* _WHAT YOU WILL DO_
From the records below, please repeat exactly the line that has "Sunset sky with orange clouds and blue skies.", the line that has "Blue Wahoos catcher", and every line between them, and nothing else.
=== Begin Enclosure ===
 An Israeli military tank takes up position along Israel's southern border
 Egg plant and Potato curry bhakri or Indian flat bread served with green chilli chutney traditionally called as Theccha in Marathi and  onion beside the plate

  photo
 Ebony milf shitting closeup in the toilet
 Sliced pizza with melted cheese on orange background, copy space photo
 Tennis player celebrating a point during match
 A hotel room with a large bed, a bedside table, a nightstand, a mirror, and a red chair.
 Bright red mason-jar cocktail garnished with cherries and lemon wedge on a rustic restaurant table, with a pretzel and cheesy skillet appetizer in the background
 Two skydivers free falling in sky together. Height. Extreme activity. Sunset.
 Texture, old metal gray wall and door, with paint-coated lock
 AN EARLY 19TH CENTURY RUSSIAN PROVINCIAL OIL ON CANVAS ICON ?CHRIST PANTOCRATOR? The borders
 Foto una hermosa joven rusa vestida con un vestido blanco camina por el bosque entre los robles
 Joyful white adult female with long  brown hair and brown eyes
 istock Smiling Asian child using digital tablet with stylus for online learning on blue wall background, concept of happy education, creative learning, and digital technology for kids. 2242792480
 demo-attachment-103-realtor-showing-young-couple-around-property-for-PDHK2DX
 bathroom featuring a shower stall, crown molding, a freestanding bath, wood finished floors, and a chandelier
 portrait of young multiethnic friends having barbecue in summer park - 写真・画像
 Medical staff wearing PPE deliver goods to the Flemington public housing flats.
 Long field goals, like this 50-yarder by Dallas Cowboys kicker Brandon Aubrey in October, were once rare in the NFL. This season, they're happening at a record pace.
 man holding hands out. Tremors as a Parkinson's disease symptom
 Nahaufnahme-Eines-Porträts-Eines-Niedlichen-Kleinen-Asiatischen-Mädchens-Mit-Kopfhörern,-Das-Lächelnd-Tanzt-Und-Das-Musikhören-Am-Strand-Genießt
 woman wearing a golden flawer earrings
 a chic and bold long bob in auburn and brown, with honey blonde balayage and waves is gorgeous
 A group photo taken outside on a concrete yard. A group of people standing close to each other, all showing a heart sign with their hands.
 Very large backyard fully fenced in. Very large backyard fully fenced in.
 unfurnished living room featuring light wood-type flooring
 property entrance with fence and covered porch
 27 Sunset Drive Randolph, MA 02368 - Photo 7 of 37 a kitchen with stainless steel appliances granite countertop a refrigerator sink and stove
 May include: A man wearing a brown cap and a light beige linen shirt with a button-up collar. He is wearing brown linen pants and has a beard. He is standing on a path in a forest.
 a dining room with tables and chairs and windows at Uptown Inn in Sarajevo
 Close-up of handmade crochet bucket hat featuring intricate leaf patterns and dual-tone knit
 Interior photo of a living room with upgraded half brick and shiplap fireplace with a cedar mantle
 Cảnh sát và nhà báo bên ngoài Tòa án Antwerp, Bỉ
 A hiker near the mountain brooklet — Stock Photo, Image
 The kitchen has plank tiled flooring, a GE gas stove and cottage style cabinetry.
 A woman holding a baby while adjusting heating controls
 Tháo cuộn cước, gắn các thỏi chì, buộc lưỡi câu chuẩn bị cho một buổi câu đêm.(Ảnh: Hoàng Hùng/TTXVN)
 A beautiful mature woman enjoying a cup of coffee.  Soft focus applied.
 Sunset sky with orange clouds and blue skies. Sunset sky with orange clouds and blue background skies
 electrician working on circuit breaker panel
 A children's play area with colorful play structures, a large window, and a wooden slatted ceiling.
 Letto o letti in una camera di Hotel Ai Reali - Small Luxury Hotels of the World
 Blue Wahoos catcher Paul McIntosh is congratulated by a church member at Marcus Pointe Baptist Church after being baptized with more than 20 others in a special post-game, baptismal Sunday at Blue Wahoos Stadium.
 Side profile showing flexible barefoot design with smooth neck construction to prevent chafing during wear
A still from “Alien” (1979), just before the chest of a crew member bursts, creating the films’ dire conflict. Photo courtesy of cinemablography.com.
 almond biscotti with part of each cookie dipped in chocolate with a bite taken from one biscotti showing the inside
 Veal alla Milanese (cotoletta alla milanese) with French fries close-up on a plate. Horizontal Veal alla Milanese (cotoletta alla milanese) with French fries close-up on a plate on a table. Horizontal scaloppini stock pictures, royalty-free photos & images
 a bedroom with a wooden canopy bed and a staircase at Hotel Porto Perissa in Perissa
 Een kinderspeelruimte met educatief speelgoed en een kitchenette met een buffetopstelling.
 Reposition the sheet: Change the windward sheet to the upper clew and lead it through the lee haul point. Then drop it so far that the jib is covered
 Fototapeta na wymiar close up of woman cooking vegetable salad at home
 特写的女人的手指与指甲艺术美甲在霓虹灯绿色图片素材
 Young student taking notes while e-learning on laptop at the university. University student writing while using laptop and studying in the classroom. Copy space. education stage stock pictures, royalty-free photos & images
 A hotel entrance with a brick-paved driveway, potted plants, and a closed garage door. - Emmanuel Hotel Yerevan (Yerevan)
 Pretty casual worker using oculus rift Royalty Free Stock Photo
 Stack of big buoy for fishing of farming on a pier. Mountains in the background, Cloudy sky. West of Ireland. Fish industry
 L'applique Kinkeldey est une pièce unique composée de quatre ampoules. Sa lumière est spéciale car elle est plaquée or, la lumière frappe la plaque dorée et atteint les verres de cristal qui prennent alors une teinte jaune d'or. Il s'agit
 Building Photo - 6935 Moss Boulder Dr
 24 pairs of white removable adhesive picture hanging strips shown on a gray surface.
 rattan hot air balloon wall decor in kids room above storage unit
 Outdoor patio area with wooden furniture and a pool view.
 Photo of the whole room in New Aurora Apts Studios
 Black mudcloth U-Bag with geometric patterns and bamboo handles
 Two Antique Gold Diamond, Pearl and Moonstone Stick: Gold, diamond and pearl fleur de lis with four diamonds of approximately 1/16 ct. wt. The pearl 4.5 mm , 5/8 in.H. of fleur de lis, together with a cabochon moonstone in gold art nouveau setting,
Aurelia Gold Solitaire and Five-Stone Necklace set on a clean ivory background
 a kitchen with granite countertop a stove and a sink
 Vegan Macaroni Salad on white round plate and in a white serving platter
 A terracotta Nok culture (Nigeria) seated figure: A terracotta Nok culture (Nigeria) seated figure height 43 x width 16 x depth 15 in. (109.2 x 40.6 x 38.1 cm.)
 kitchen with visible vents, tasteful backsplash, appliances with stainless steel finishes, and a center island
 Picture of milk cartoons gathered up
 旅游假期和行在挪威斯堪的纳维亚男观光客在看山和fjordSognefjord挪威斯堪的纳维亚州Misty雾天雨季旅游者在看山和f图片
=== End Enclosure ===
* _OUTPUT BELOW_
 Sunset sky with orange clouds and blue skies. Sunset sky with orange clouds and blue background skies
 electrician working on circuit breaker panel
 A children's play area with colorful play structures, a large window, and a wooden slatted ceiling.
 Letto o letti in una camera di Hotel Ai Reali - Small Luxury Hotels of the World
 Blue Wahoos catcher Paul McIntosh is congratulated by a church member at Marcus Pointe Baptist Church after being baptized with more than 20 others in a special post-game, baptismal Sunday at Blue Wahoos Stadium.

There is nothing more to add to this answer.